The transmitting module 1202 is configured to transmit the first signal priority request packet to the first road traffic signal control machine of the first intersection, the first signal priority request packet being configured for indicating the first road traffic signal control machine to generate a first signal priority response packet based on the first signal priority request packet, the first signal priority response packet including N signal priority responses respectively for the N signal priority requests, and the N signal priority responses including information configured for indicating to control a traffic management and control device of the first intersection.
The receiving module 1201 is further configured to receive the first signal priority response packet from the first road traffic signal control machine.
The transmitting module 1202 is further configured to transmit the first signal priority response packet to the first road side unit.
The apparatus provided in this embodiment of this application can implemented in an environment with a plurality of intersections.

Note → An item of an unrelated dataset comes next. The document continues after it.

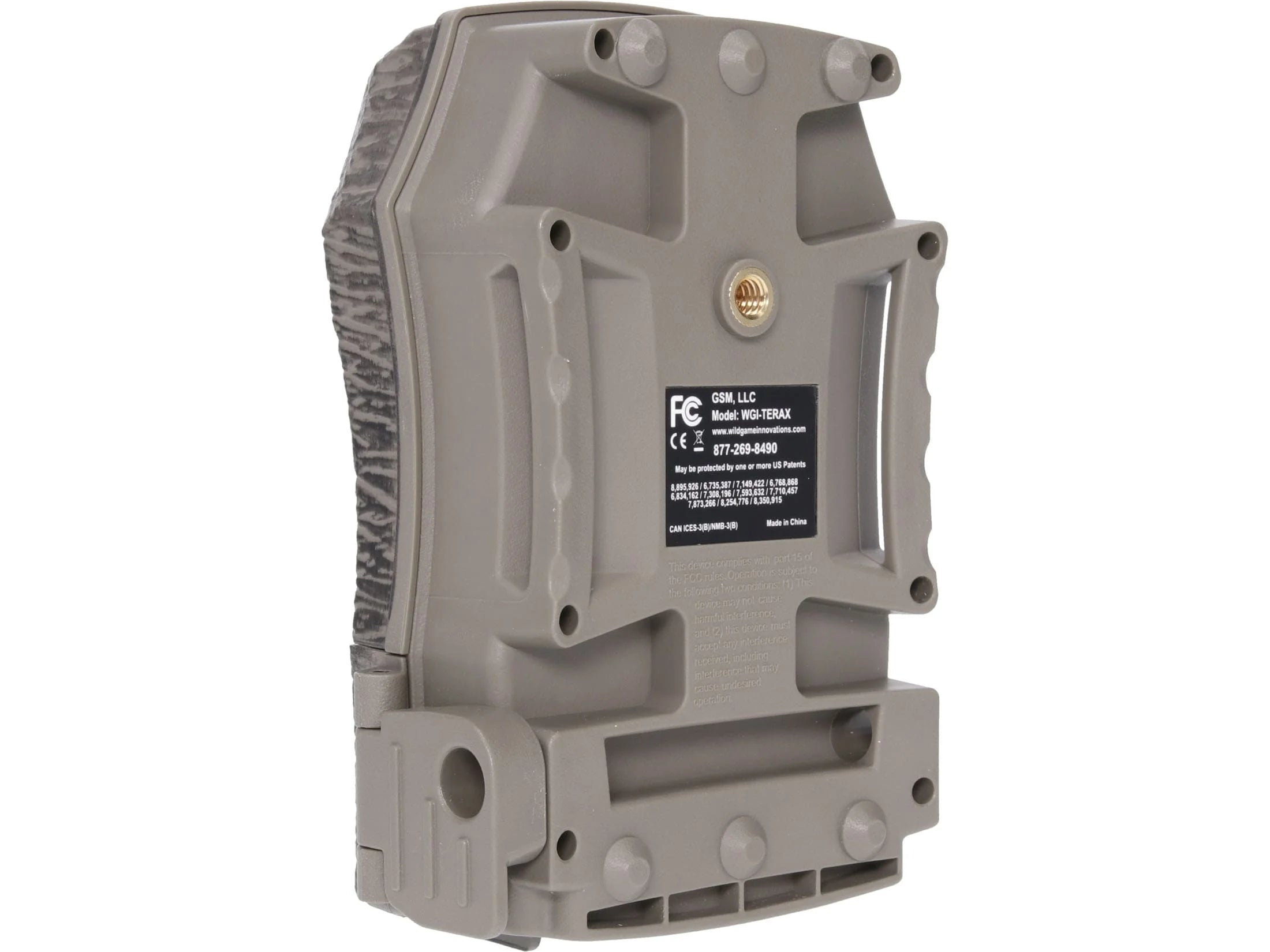 Terra Extreme XD Trail Camera 16 MP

The road side unit may first transmit the signal priority request packet to the control platform, and then transmit the signal priority request packet to the corresponding road traffic signal control machine through the control platform. Therefore, the control platform may perform traffic control on the road traffic signal control machines of the plurality of intersections at the same time.
The processor 1401 may perform the following operations: generating a first signal priority request packet, the first signal priority request packet including N signal priority requests, N being a positive integer greater than or equal to 1, and when N is greater than 1, the N signal priority requests being configured for indicating signal priority requests initiated by a same type of vehicles at different entrances of the first intersection, or signal priority requests initiated by different types of vehicles in different entrance directions of the first intersection, or signal priority requests initiated by different types of vehicles at a same entrance of the first intersection, or signal priority requests initiated by a same type of vehicles at a same entrance of the first intersection; transmitting the first signal priority request packet; and receiving a first signal priority response packet returned for the first signal priority request packet, the first signal priority response packet including N signal priority responses respectively for the N signal priority requests, and the N signal priority responses including information configured for indicating a first road traffic signal control machine of the first intersection to control a traffic management and control device of the first intersection.
Alternatively, the processor 1301 may perform the following operations: receiving the first signal priority request packet; and generating the first signal priority response packet based on the first signal priority request packet, the N signal priority responses being configured for indicating information about a traffic management and control device controlling the first intersection; and transmitting the first signal priority response packet.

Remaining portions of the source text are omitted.